Conventional Security Solutions

The primary detection mechanism of most conventional security solutions is signature/string matching with manually crafted rulesets. The biggest drawback to this approach is that it requires a new rule for every new threat. Expert-defined heuristics were added later to allow for more preemptive defense but human intervention was still necessary to make final decisions.

Even though the need to have up-to-date rulesets and heuristics gave the security industry the ability to extract recurring payments from customers, the advent of metamorphic malware that can transform itself to avoid detection meant that a more adaptive solution was needed.

Enter Machine Learning

Typical syntactic signature matching fared miserably against adversaries that are polymorphic. Furthermore, as security solutions continued bloating to defend against thousands of different attack mechanisms, so did the system complexity and bugs, to a point where it started to exceed analytical capabilities of the maintainers. Fortunately, machine learning happens to excel at precisely this task — pattern matching, detecting anomalies, and information mining in complex space.

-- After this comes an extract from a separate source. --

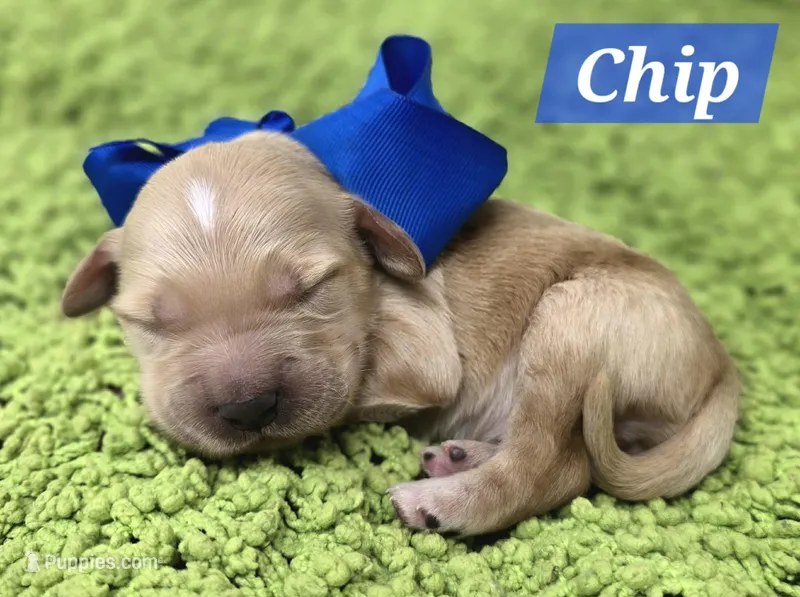 Chip – Goldendoodle puppy for sale in Eugene, OR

Unique Challenges of AI in Security

We have all used successful applications of artificial intelligence in consumer products like virtual assistants that can comprehend and respond to human voice, and photo/video apps that can recognize faces and other objects. However, the use of AI in security poses unique challenges.

Errors are extremely costly in security. Siri failing to understand your query accurately or a photo app wrongly suggesting a wrong person to tag do not have any serious repercussions. People, in fact, have come to expect such errors to happen often. However, in security, errors, such as incorrectly granting access to an attacker can have dire consequences.

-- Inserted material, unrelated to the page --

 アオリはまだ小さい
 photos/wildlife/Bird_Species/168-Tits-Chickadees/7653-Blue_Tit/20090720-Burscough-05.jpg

Explainability is also very important in Security. It is important to know why someone was denied access or some request was authorized. This is not an issue for most consumer applications; people do not care how the a photo app concluded that the picture you uploaded shows a cute cat wearing a hat.

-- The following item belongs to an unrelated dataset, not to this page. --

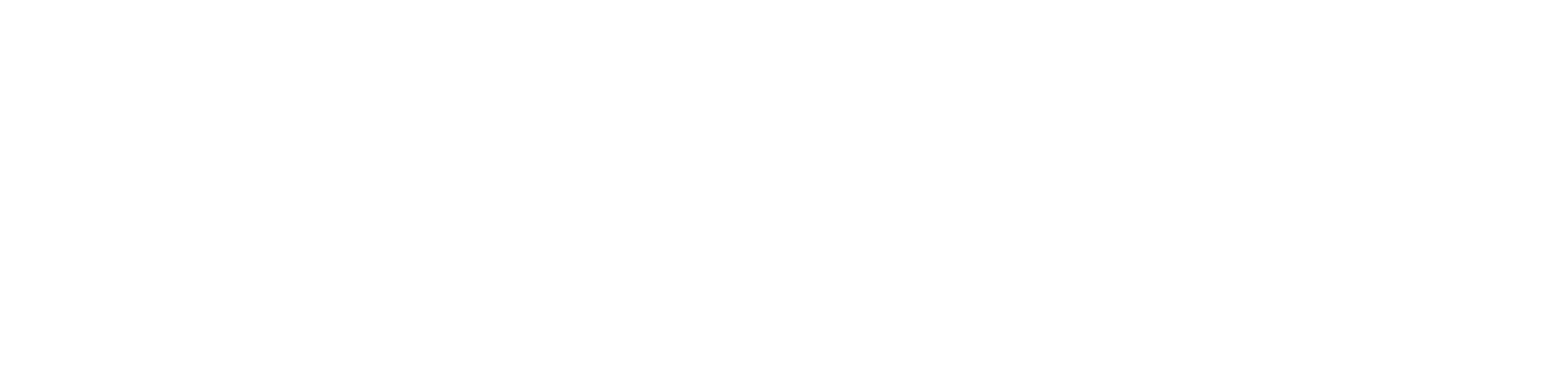 The Last Champion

The lack of training data is also a huge challenge. The amount of data security researchers get to collect is a drop in the bucket compared to the millions of text messages, images and personal information companies people willingly provide to companies like Google and Facebook. If there were similar magnitude of attacks, we would be in serious trouble.

The Reliability and Safety of AI

Artificial intelligence, as implemented and available today isn’t perfect. Adversarial examples are input data that are specifically designed to trick the AI systems into making a mistake. These are like optical illusions, except these are for machines.

The following image, while it is obvious to humans that it is a stop sign, machine learning models such as those used in self-driving cars can easily be tricked into thinking that these are speed limit signs suggesting a higher speed. [1]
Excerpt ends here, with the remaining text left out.